What is needed
Copy exactly the stretch of data below from the line with "Outside, you should" through the line with "The next item", including both of those lines.

Exercise inputs
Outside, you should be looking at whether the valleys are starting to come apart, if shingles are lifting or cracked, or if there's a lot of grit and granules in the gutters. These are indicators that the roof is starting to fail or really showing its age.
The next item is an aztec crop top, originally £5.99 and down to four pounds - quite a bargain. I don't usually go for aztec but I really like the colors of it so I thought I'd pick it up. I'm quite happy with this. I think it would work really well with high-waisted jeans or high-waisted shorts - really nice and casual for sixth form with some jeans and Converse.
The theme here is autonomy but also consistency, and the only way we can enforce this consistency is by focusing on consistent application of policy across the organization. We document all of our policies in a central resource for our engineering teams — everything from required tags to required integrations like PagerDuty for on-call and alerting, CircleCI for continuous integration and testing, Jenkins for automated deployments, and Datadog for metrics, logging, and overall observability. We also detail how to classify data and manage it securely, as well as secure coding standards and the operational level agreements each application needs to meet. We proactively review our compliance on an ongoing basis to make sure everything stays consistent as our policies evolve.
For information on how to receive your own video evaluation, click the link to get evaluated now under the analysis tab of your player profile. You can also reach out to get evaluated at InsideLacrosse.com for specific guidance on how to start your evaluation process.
...
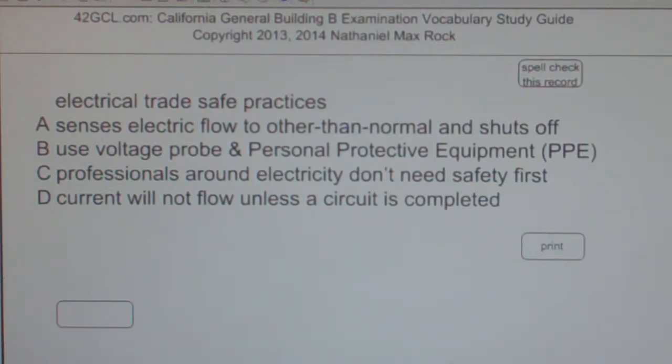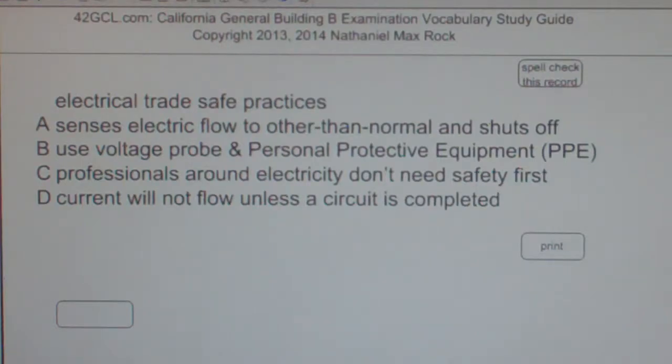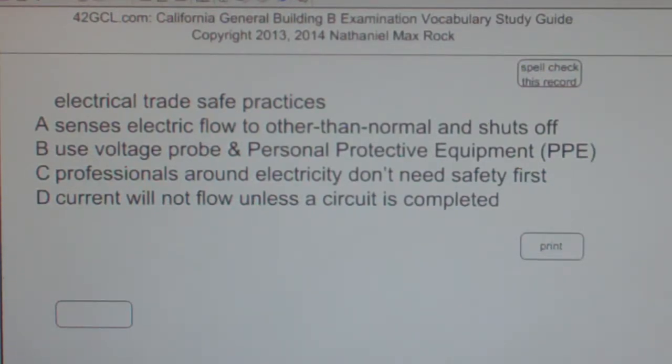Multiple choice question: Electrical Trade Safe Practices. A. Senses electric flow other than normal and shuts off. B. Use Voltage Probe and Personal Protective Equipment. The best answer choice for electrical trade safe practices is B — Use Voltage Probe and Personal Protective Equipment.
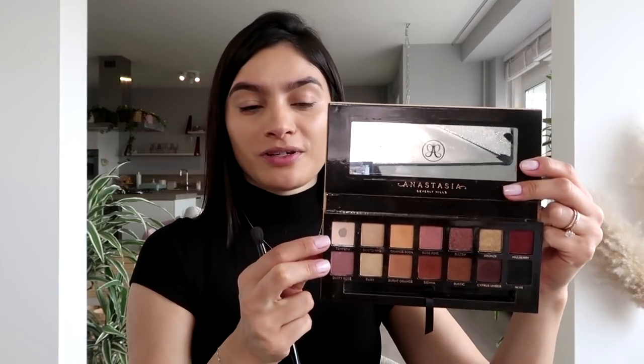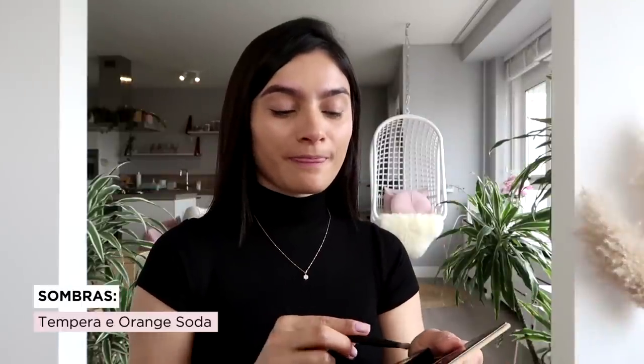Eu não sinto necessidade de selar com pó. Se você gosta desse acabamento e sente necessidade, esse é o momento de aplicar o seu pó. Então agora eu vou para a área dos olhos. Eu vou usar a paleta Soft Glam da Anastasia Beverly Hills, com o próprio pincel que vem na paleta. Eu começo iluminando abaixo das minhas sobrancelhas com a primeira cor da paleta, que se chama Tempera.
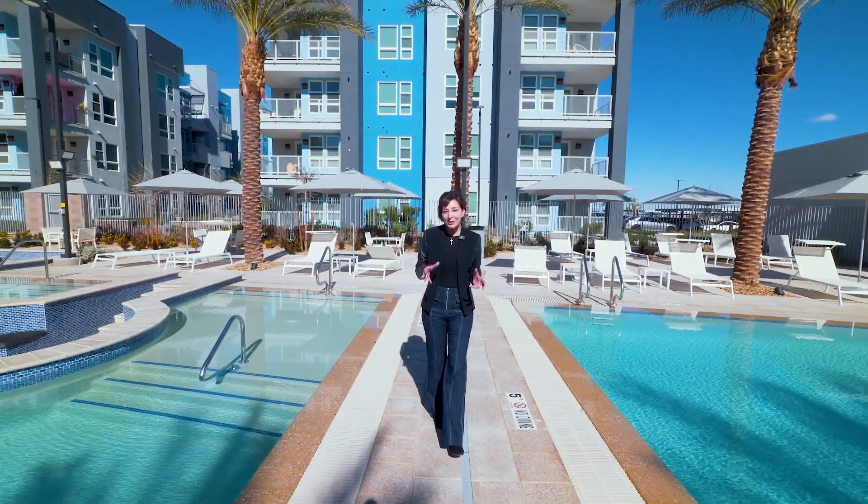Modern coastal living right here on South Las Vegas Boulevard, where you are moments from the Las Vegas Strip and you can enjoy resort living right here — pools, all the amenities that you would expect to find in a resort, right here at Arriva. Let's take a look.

Task result
Outside, you should be looking at whether the valleys are starting to come apart, if shingles are lifting or cracked, or if there's a lot of grit and granules in the gutters. These are indicators that the roof is starting to fail or really showing its age.
The next item is an aztec crop top, originally £5.99 and down to four pounds - quite a bargain. I don't usually go for aztec but I really like the colors of it so I thought I'd pick it up. I'm quite happy with this. I think it would work really well with high-waisted jeans or high-waisted shorts - really nice and casual for sixth form with some jeans and Converse.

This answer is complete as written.